The output is the lines below from the one with "50x50mm / 63.5x63.5mm" through the one with "Maitag In Denwummewiesen", both included, printed exactly and with no other line.
BEGIN Recorded data
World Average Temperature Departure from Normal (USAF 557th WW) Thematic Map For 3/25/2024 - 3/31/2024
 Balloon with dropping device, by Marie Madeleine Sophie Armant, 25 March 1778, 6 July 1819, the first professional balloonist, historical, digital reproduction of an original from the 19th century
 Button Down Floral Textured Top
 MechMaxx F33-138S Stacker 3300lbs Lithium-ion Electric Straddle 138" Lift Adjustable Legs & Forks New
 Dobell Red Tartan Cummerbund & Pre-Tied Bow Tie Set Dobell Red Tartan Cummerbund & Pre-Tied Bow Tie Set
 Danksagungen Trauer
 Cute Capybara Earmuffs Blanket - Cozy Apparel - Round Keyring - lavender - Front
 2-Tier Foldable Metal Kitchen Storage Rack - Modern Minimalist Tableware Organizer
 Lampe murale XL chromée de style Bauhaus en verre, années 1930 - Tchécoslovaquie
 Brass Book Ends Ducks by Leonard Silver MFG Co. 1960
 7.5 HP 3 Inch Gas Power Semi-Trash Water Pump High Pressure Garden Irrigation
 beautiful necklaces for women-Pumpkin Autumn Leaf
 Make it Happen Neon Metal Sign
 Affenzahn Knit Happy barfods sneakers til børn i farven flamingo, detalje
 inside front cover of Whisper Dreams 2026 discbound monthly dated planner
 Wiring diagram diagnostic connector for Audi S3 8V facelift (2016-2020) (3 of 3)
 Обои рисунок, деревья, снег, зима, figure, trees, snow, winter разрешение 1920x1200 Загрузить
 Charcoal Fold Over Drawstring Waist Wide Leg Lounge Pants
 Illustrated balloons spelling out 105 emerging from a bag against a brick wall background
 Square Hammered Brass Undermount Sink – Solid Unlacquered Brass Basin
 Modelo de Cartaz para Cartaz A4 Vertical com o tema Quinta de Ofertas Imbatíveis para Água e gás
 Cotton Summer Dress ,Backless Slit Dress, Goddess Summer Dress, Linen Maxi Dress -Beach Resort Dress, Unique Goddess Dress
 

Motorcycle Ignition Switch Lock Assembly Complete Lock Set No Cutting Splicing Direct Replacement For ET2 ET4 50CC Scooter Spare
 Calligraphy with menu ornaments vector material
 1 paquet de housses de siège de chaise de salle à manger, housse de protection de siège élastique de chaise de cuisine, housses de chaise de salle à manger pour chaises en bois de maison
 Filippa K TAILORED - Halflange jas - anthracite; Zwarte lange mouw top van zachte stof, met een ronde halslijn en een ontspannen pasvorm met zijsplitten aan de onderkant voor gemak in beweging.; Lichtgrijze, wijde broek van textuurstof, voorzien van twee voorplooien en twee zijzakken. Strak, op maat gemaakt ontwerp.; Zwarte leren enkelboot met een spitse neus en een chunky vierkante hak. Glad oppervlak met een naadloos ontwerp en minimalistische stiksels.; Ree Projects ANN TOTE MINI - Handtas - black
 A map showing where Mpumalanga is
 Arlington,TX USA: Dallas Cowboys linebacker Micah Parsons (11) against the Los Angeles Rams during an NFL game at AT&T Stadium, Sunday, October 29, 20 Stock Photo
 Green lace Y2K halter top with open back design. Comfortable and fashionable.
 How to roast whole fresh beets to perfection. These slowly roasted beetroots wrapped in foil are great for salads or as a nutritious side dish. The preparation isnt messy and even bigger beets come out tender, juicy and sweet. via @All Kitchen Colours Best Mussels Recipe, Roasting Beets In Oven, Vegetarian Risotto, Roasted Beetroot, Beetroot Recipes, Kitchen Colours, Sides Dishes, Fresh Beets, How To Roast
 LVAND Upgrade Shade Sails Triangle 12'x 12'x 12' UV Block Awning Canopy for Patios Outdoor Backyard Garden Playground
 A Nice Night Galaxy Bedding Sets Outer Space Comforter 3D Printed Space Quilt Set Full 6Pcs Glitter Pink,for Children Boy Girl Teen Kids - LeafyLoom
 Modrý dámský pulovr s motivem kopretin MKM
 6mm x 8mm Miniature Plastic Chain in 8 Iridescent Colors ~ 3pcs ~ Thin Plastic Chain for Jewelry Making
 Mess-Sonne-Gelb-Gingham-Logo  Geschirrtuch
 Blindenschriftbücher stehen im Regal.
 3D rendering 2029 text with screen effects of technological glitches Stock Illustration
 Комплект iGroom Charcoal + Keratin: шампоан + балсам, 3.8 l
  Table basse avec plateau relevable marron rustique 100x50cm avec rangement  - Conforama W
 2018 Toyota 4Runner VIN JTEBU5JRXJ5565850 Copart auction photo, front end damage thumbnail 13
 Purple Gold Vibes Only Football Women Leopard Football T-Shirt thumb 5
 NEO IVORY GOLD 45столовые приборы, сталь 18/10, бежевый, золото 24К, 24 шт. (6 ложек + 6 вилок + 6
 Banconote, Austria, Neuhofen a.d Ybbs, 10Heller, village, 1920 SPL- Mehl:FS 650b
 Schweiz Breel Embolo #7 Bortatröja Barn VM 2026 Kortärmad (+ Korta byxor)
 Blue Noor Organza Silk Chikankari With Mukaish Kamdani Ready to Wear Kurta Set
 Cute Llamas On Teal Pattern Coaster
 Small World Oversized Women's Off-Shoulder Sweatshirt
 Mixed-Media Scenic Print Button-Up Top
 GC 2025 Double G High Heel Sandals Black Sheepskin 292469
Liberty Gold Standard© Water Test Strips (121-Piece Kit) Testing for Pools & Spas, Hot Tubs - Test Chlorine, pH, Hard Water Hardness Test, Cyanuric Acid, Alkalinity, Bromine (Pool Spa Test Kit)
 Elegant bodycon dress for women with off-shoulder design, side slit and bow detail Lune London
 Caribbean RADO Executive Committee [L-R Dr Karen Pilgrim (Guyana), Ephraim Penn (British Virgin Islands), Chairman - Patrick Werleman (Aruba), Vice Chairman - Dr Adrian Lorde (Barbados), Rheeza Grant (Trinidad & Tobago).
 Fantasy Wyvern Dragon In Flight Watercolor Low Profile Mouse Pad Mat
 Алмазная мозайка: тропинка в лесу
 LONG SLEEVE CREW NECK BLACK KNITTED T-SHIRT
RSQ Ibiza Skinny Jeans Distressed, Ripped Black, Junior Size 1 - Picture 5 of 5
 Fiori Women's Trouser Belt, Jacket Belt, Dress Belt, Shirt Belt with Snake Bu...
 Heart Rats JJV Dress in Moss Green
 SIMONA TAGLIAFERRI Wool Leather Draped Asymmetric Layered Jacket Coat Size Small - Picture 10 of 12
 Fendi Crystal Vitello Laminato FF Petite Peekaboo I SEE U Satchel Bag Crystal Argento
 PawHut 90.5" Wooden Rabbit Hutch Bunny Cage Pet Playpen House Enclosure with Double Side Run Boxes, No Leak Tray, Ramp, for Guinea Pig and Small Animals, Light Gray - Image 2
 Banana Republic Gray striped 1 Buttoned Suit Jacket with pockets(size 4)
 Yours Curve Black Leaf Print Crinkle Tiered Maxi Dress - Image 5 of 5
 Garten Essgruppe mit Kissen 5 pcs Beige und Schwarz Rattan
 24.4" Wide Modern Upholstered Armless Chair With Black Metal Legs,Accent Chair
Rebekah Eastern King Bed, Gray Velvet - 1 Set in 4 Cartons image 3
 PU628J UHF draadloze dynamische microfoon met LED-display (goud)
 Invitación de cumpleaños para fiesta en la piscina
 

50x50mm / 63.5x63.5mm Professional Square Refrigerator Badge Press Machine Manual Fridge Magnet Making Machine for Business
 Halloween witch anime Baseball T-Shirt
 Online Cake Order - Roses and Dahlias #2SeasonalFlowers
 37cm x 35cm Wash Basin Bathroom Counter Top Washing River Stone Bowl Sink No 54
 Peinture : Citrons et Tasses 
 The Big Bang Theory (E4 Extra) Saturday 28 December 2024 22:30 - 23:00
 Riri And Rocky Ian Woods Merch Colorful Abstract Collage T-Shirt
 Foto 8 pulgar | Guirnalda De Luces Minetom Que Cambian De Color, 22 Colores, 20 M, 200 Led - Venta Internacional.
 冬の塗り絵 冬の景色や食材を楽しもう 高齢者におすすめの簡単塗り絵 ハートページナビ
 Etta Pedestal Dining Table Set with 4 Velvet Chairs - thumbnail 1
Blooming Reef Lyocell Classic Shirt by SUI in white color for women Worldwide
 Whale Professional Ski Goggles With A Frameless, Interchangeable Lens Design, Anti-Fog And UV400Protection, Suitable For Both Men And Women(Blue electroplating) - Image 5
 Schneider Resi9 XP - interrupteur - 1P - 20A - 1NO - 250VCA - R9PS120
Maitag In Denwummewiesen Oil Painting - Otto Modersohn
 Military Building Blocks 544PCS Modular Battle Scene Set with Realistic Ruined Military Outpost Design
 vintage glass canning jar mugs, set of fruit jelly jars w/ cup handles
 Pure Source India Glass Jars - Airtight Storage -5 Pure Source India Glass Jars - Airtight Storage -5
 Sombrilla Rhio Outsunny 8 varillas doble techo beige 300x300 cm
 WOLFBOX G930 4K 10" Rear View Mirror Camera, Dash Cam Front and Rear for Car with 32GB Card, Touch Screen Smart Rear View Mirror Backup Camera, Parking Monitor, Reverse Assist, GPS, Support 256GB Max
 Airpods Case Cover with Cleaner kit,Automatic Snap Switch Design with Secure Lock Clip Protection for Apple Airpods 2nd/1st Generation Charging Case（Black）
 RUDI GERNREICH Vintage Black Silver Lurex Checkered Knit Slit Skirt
END Recorded data
▶ Response box:
50x50mm / 63.5x63.5mm Professional Square Refrigerator Badge Press Machine Manual Fridge Magnet Making Machine for Business
 Halloween witch anime Baseball T-Shirt
 Online Cake Order - Roses and Dahlias #2SeasonalFlowers
 37cm x 35cm Wash Basin Bathroom Counter Top Washing River Stone Bowl Sink No 54
 Peinture : Citrons et Tasses 
 The Big Bang Theory (E4 Extra) Saturday 28 December 2024 22:30 - 23:00
 Riri And Rocky Ian Woods Merch Colorful Abstract Collage T-Shirt
 Foto 8 pulgar | Guirnalda De Luces Minetom Que Cambian De Color, 22 Colores, 20 M, 200 Led - Venta Internacional.
 冬の塗り絵 冬の景色や食材を楽しもう 高齢者におすすめの簡単塗り絵 ハートページナビ
 Etta Pedestal Dining Table Set with 4 Velvet Chairs - thumbnail 1
Blooming Reef Lyocell Classic Shirt by SUI in white color for women Worldwide
 Whale Professional Ski Goggles With A Frameless, Interchangeable Lens Design, Anti-Fog And UV400Protection, Suitable For Both Men And Women(Blue electroplating) - Image 5
 Schneider Resi9 XP - interrupteur - 1P - 20A - 1NO - 250VCA - R9PS120
Maitag In Denwummewiesen Oil Painting - Otto Modersohn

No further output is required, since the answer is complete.